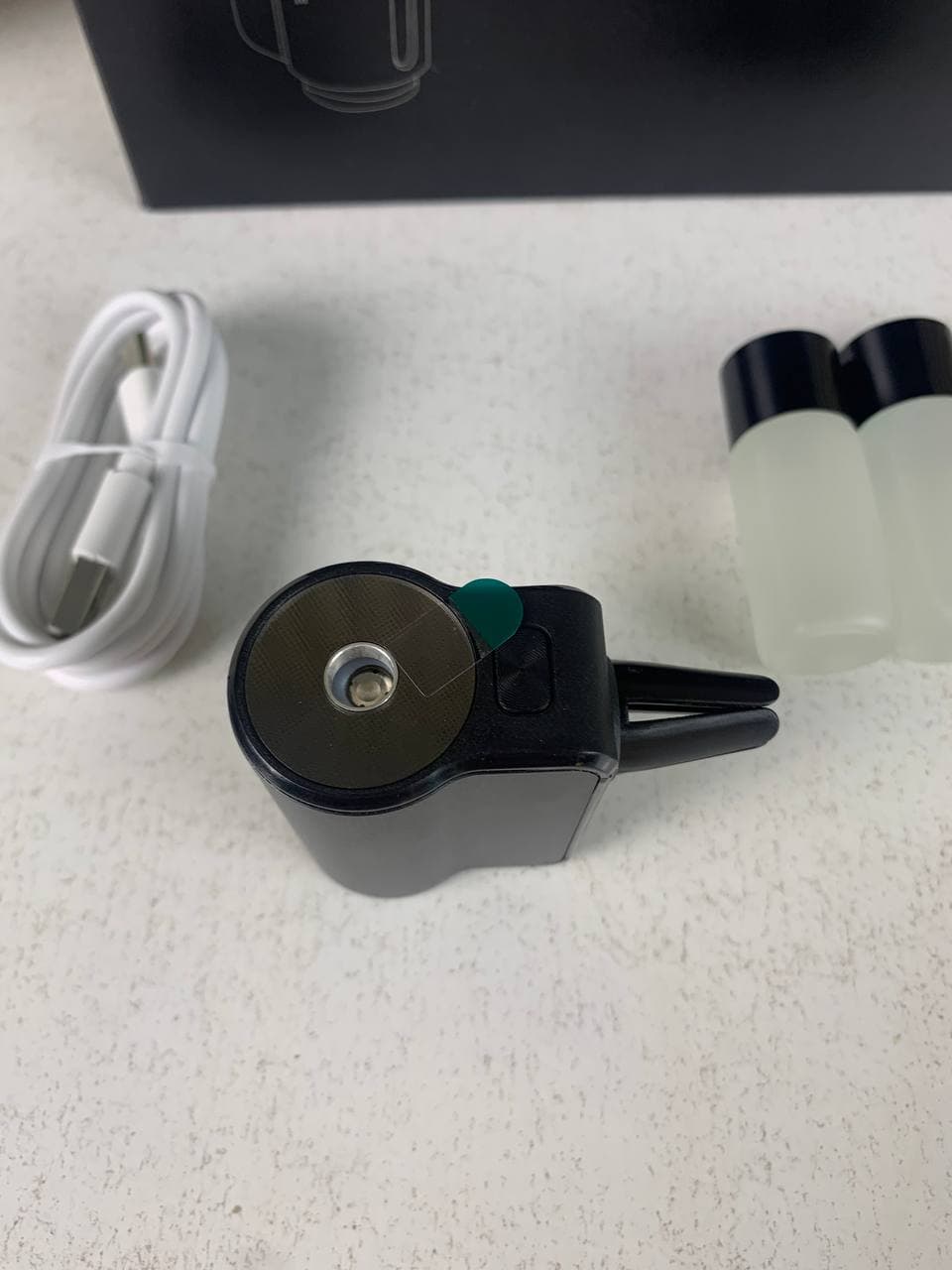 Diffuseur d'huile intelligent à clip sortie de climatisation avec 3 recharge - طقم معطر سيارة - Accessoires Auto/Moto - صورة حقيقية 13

------

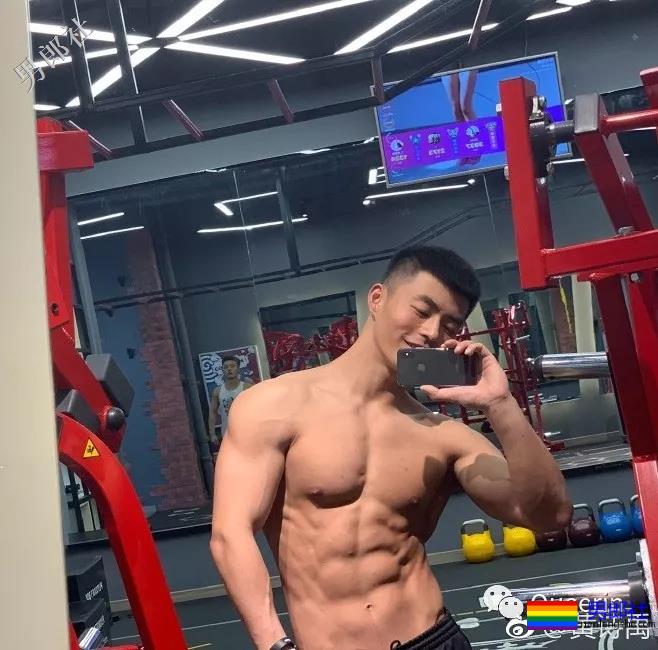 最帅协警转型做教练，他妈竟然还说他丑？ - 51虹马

------

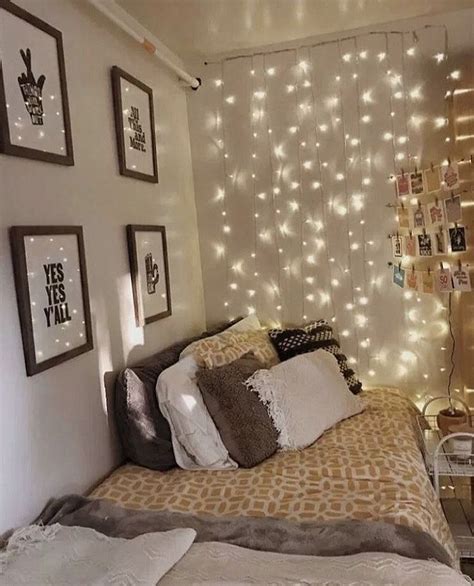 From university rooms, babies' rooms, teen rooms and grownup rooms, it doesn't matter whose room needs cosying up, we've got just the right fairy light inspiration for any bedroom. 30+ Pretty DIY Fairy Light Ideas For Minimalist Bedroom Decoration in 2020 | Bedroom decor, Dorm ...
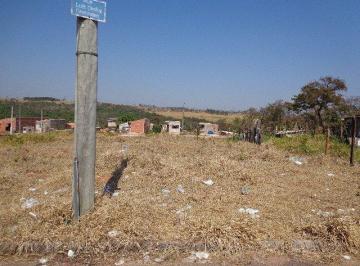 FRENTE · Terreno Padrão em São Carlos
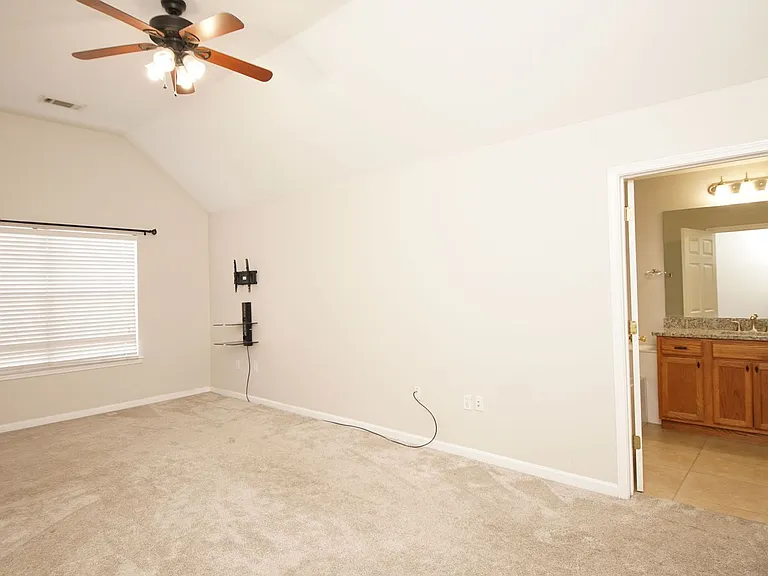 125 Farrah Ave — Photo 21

------

_What needs to be done_. Starting at the line containing "FRENTE · Terreno Padrão em São Carlos" and stopping at the line containing "125 Farrah Ave — Photo 21", output every line above exactly, both ends included, with pictures omitted.

_Task answer_.
 FRENTE · Terreno Padrão em São Carlos
 125 Farrah Ave — Photo 21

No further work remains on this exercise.